The technology of the lasers and also the procedure has changed and evolved over the years. The latest evolution of laser technology comes in the form of the Smile procedure, where the corneal flap is not made any more.
Smile is short for Small Incision Lenticule Extraction. It is a procedure that uses only one type of laser – the Femtosecond laser for the complete procedure.
The Smile Femtosecond laser is able to penetrate the surface of the cornea (the front part of the eye) without making any cut and focus on the deeper part of the cornea to carve out a shape called the lenticule.
A small incision is also made at one side of the cornea to allow access to this lenticule, and the surgeon is able to remove the lenticule from the cornea. Once the lenticule is removed, the overall shape of the cornea is altered and the prescription/power of the eye will be changed.
|More than 80,000 eyes worldwide have now been successfully treated using the micro-invasive method which offers improved predictability of the vision correction outcome without the need to create a corneal flap. The US FDA has approved expansion of the US clinical trial.|
Benefits of Smile over Lasik?
In Smile, there is no corneal flap, unlike Lasik. When there is no flap, there is no worry about flap complications, for example, the flap moving or dislodging (which can occur in Lasik). Also, by not cutting a flap, we keep the cornea much stronger compared to Lasik.
This is especially relevant to those with higher powers or thinner corneas where a lot of the tensile integrity of the cornea is affected by the flap or the greater amount of corneal tissue that has to be removed.
The third advantage is the preservation of the corneal nerves. In Lasik (laser-Assisted in situ keratomileusis), in the process of cutting the flap, we also cut a lot of the nerves, and these nerves help reduce post op dryness.

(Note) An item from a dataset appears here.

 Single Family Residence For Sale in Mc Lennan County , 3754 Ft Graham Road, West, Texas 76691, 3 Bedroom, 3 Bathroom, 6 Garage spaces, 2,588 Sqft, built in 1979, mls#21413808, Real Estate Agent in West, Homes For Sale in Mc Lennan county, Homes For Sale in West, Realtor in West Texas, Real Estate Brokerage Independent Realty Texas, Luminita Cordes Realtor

So, by not having a flap, you get a stronger post operative cornea, decreased occurrence of dry eyes, and no flap complications.

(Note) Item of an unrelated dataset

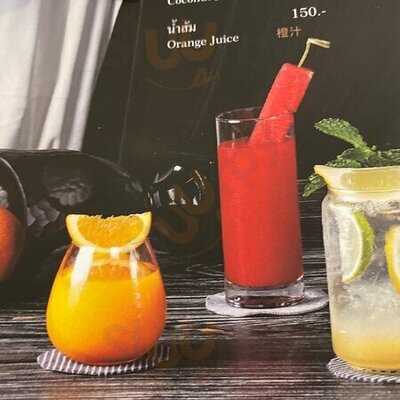 Woo Cafe & Art Gallery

And because only a small incision is made in Smile, the patient experiences less post operative irritation and pain as compared to Lasik, where a big flap incision is made.

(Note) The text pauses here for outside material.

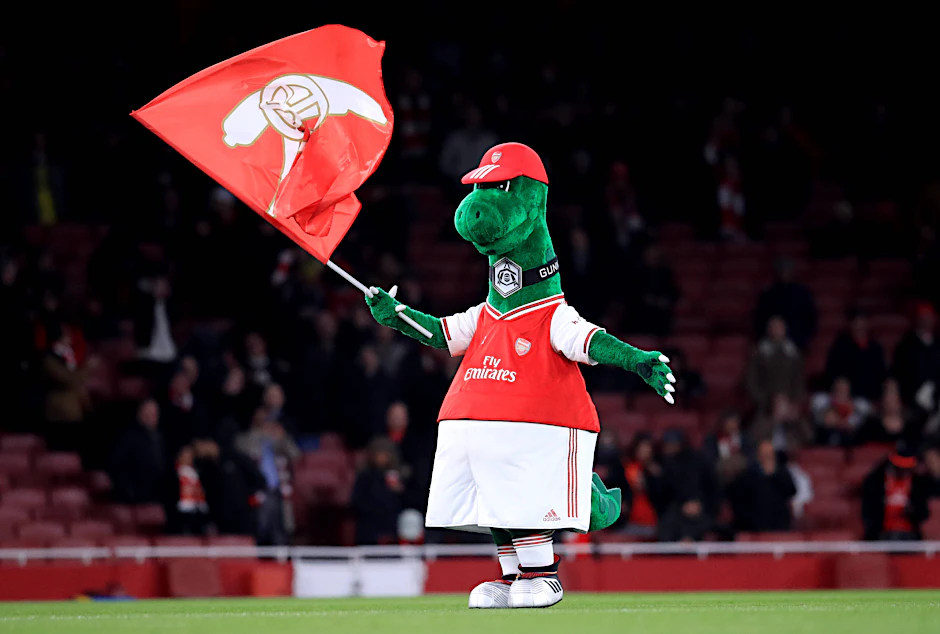 Rettet Mesut Özil nun das Arsenal-Maskottchen? Der Gunnersaurus steht beim Premier-League-Klub vor dem Aus.&nbsp;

To date, the technique is only approved for short-sightedness and astigmatism, although SMILE for long-sightedness is also under trial, and it is likely to follow soon.
The Content is not intended to be a substitute for professional medical advice, diagnosis, or treatment. Always seek the advice of your physician or other qualified health provider with any questions you may have regarding a medical condition.